Chapman's story reminds Alonso of his own father's journey. Luis Alonso was a catcher and coach for the Havana Industriales during his younger days in Cuba. He considered defection, but never went through with it.

"My father traveled around Cuba playing baseball and he had the temptation of leaving the island, but he didn't do it because he didn't want to leave us," the first baseman said. "I don't think people really understand how hard it is to leave your family. I never saw my grandmother or grandfather after I left when I was 8. Here, you can have favorite cousins or uncles or aunts, but you don't get that when you leave Cuba. You are gone and they are gone and you maybe never see them again."

Reds' Class A Dayton pitching coach Tony Fossas can also relate to Chapman's plight and that's likely why he is paired with the pitcher during Spring Training. Fossas and his family left Cuba in 1968.

"For me, it's about assimilation and being a good person," Fossas said. "He has the talent and he's mature, but it's not always about that. I always believe that in order to be a good player or good at whatever career you choose, you have to be a good person. I tell that to my two kids. My son, Mark, is about his age and I see a lot of him in Aroldis."

So far, Chapman has thrown two bullpen sessions and will throw another on Monday. He is scheduled to face live hitters on Wednesday and Saturday, and plans to pitch in a game in a few weeks.

His pitching mechanics are not where they will be at midseason, but that's normal for pitchers during Spring Training -- especially young pitchers.
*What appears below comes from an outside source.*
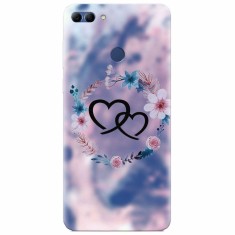 Husa silicon pentru Huawei Y9 2018, Love 002 foto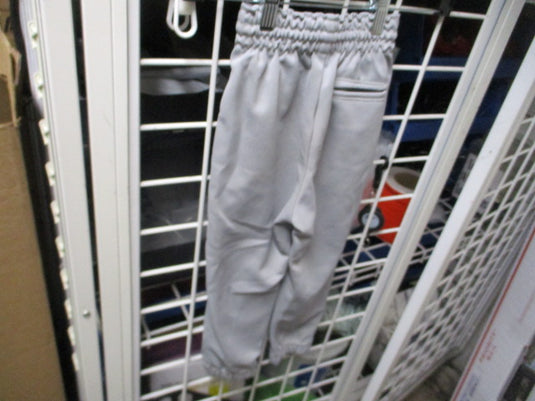 Used Grey Youth XS Baseball Pants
In that way, Chapman is just like every other young player or person in the world.

"I have a 22-year-old daughter, and you have to understand a person's age and where they are at during this time of their lives," Reds pitching coach Bryan Price said. "You want everybody to look like an old pro, but they are not. He's a kid, as are a lot of guys in our clubhouse, and as much as you want to hold them all accountable and all follow the same rules, you have to have an appreciation of what it's like to be a young person. There is a learning curve and a maturation process."